Pour lutter contre le trafic d'armes à feu, le ministre de l'Intérieur Bernard Cazeneuve a dévoilé un plan en vingt mesures, vendredi 13 novembre à la préfecture des Hauts-de-Seine. Le dispositif prévoit d'améliorer le renseignement et les possibilités opérationnelles des services de police ainsi que de renforcer la coopération européenne. Le gouvernement souhaite ainsi "placer la lutte contre le trafic d'armes au même rang de priorité" que celle contre le trafic de stupéfiants.

Ces mesures doivent ainsi permettre de neutraliser les "sources d'approvisionnement clairement identifiées", explique au micro de RTL Frédéric Doidy en charge de l'Office central de lutte contre le crime organisé (OCLCO). Il existe principalement le vecteur des "spécialistes de la remilitarisation des armes censées être neutralisées" et celui issu des Balkans "où se trouvent encore à ce jour de nombreux stacks d'armes pillés à l'occasion du conflit dans l'ex-Yougoslavie dans les années 90".

5.300 armes illégales saisies en 2014

Il y a également Internet, où les enquêteurs vont pouvoir "traquer les trafiquants au plus profond des réseaux", se satisfait Frédéric Doidy. D'ailleurs, les policiers vont bénéficier d'une législation plus permissive leur donnant notamment la possibilité de faire des "coups d'achat". Concrètement, cela permettra à "un policier sous couvert d'anonymat et de validation judiciaire de se présenter comme un acheteur potentiel et ne pas tomber sous le coup de la loi pénale".

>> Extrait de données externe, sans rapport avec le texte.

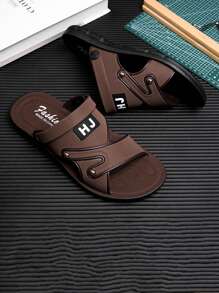 2025 New Summer Men's Brown Leather Sandals, Driving Wear-Resistant Non-Slip Beach Slippers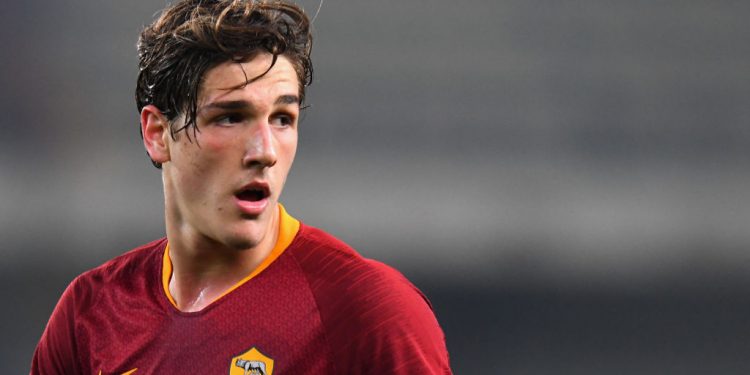 VERONA, ITALY - FEBRUARY 08:  Nicolò Zaniolo of AS Roma looks on during the Serie A match between Chievo Verona and AS Roma at Stadio Marc'Antonio Bentegodi on February 8, 2019 in Verona, Italy.  (Photo by Alessandro Sabattini/Getty Images)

Chaque année, "notre pays doit déplorer 1.800 décès par arme à feu", a affirmé Bernard Cazeneuve. L'an dernier, 5.300 armes illégales ont été saisies. Mais ces statistiques ne donnent pas d'indications fiables sur le nombre d'armes qui circulent en France. "C'est une estimation qui est très difficile à faire. Nous sommes confrontés à une infraction qui est par définition occulte", explique Frédéric Doidy.